Man merkt allen Beteiligten deutlich den Spaß an.
10.09.2009 12:33 Uhr
von genderman:
Wickie ist definitiv ein Mädchen: http://mad.blogger.de/stories/1266249/
10.09.2009 12:26 Uhr
von genderman:
Wickie ist definitiv ein Mädchen: http://mad.blogger.de/stories/1266249/
10.09.2009 11:58 Uhr
von Martin:
Natürlich lässt sich leicht herausfinden, was da unter dem Wikingerrock steckt:
http://www.drs.ch/www/de/drs/nachrichten/bewegene-trauerfeier-fuer-hugo-loetscher/film-tipp-kult-aus-den-70er-jahren/137647.138175.140854.der-beweis-wickie-ist-ein-junge.html
10.09.2009 11:43 Uhr
von Korkie:
In dem Artikel ging es hauptsächlich darum die ursprüngliche Geschichte zu politisieren.
Wickie, der gute Sozialist, der den armen und schwachen hilft...
Halvar ist dann wahrscheinlich der böse Liberale, der den anderen nach den freien Wikinger-Marktmechanismen ("Rauben und plündern", macht ein "Bankster" ja auch ;-) ) den Besitz entziehen möchte.
Man lernt daraus:
Auch Geschichten aus Kinderbüchern lassen sich in das taz-Weltbild pressen.
10.09.2009 11:38 Uhr
von renzorozzo:
is ganz klar ein bub!
siehe folge "die möveninsel" (?? oder so) in der wickies kleiner schniedel zu sehen war- beim baden mit ilvi...
09.09.2009 21:52 Uhr
von H. Kunz:
Im Untertitel, groß und fett: der Film sei "wohl nicht im Sinne des Erfinders". Im Text: nur Beschreibung des Originals und seiner Zeit, kein einziger direkter Bezug zum Inhalt des Herbig-Films. Ist das "klingeln und weglaufen" oder Angst vor Herbigs Anwälten?
09.09.2009 17:19 Uhr
von lolucard:
Naja, eigentlich war es schon sehr offensichtlich, dass Wickie ein Kerl war.
Ganz einfach deswegen, weil es jedes mal im deutschen Intro als Junge besungen wurde:
"Die Angst vorm Wolf macht ihn nicht froh
Und im Taifun ist's ebenso
Doch Walfe hin, Taifune her
Die Lasung fallt ihm gar nicht schwer"
09.09.2009 16:43 Uhr
von nyck:
Ob Wickie nun als Junge oder Mädchen definiert wird sollte heutzutage keine Rolle mehr spielen und ist in keinster Weise rebellisch, oder?

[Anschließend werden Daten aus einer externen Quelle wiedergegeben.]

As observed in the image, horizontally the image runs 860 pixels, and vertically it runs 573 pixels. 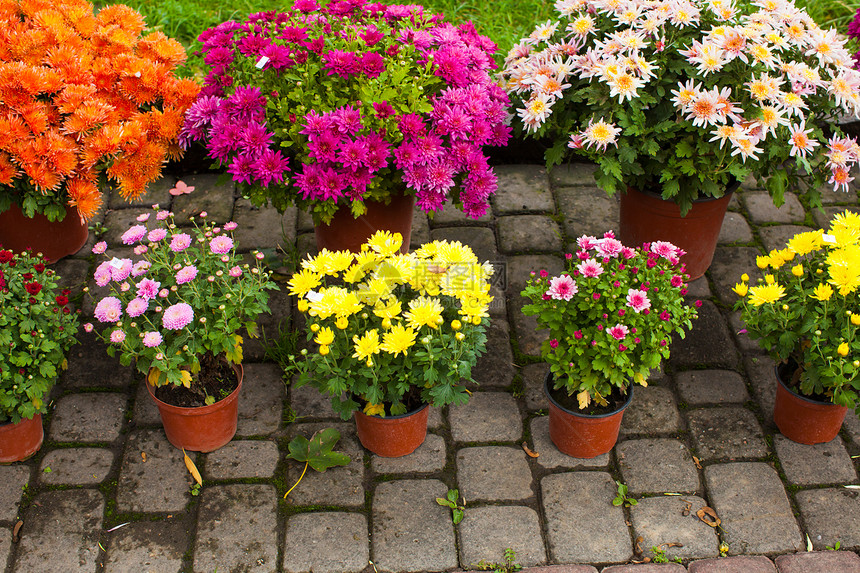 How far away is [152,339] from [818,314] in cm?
224

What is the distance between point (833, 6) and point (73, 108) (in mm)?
5061

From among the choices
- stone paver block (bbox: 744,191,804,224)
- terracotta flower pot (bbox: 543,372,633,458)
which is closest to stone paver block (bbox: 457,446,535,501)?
terracotta flower pot (bbox: 543,372,633,458)

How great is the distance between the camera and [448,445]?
2.97 metres

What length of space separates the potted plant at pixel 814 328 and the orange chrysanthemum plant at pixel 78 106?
243 centimetres

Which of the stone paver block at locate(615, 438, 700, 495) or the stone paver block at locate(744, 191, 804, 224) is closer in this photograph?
the stone paver block at locate(615, 438, 700, 495)

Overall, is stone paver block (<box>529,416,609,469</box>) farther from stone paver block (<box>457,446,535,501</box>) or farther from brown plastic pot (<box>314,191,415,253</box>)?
→ brown plastic pot (<box>314,191,415,253</box>)

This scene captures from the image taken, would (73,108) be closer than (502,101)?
Yes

Ich habe den Film mit meinen Kindern gesehen und fand ihn sehr liebevoll umgesetzt. Gerade für die Kinder wird eine tolle Abenteuerwelt aufgemacht. Die wird nun zwar auch durch Merchandising-Mist vollgepropft, aber da ist mir Wickie immer noch tausendmal lieber als Barbie und Co.
Kuckt euch den Film mit Kindern an, das macht eine Menge Spass.